__Dataset extract__:
[Start of section]
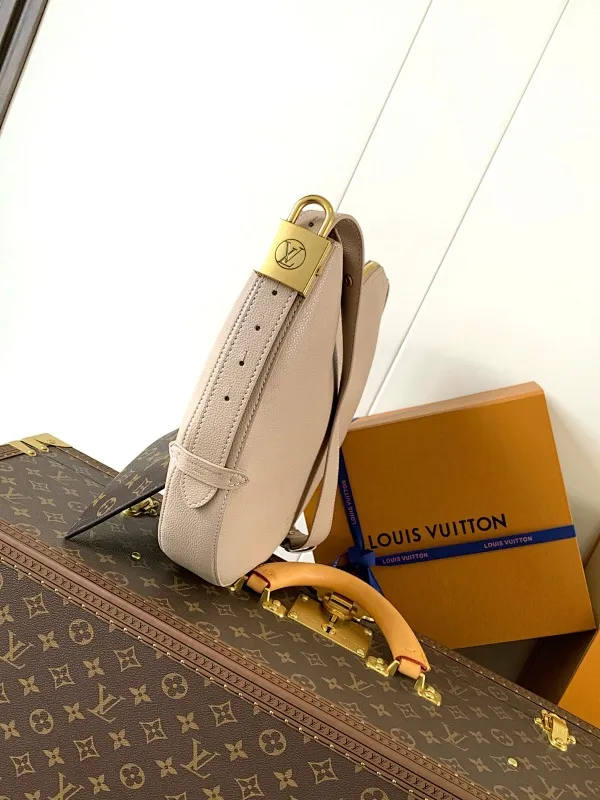 All Categories Official Website "Brand Women's Bags" Women's Bags 💙 LV 2025 New LV Crossbody Bag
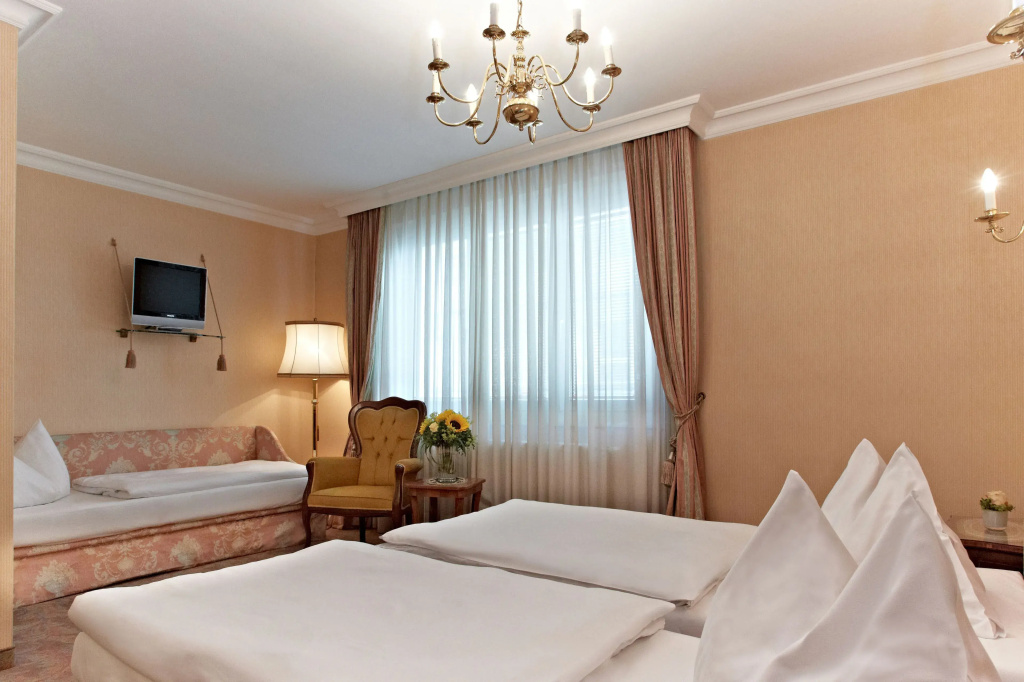 Standard Triple room
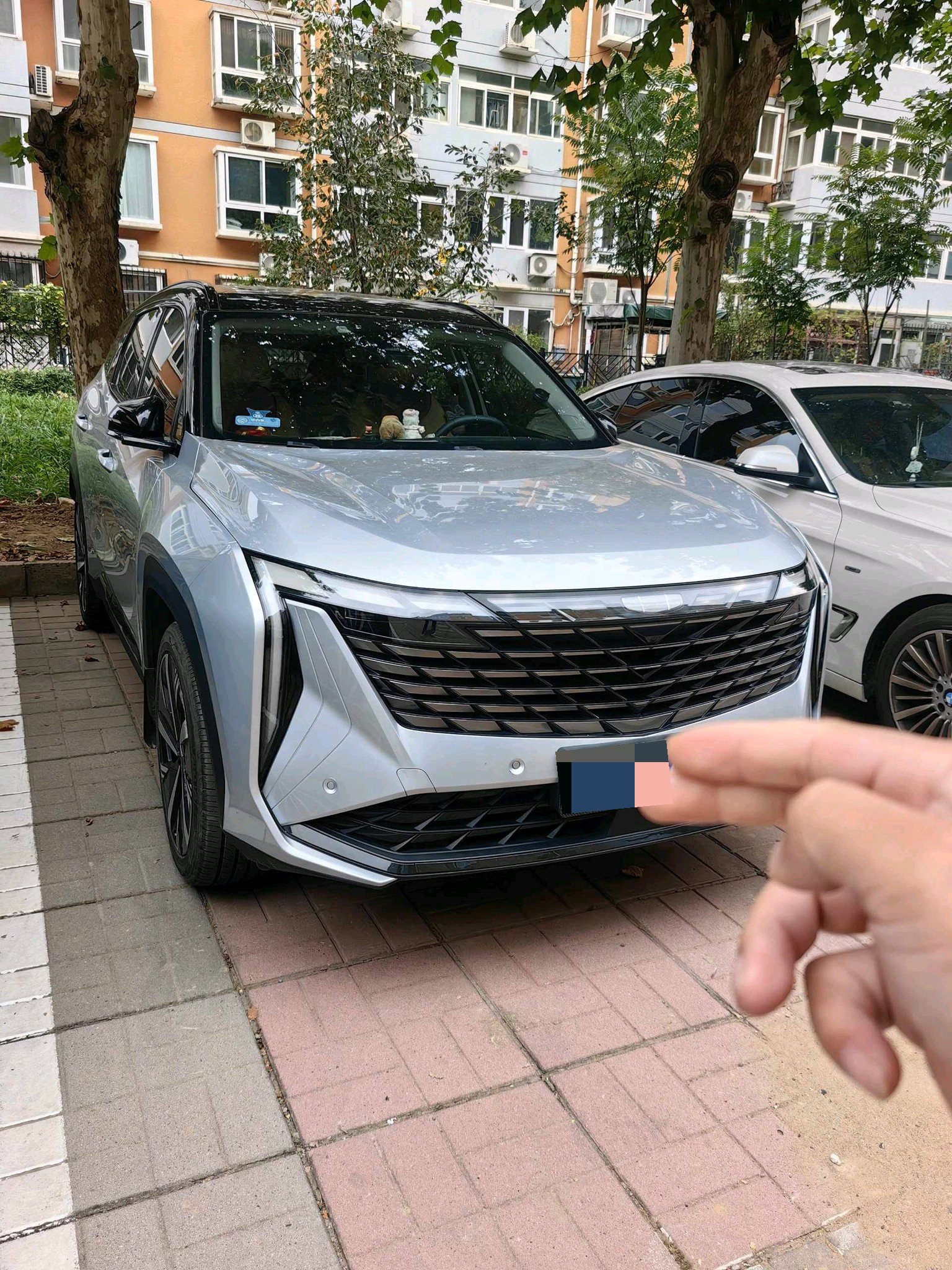 GEELY Boyue L 2023 car image #2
[End of section]
In your copy of the listing above, reproduce each line exactly and omit all pictures.

__Your solution__:
 All Categories Official Website "Brand Women's Bags" Women's Bags 💙 LV 2025 New LV Crossbody Bag
 Standard Triple room
 GEELY Boyue L 2023 car image #2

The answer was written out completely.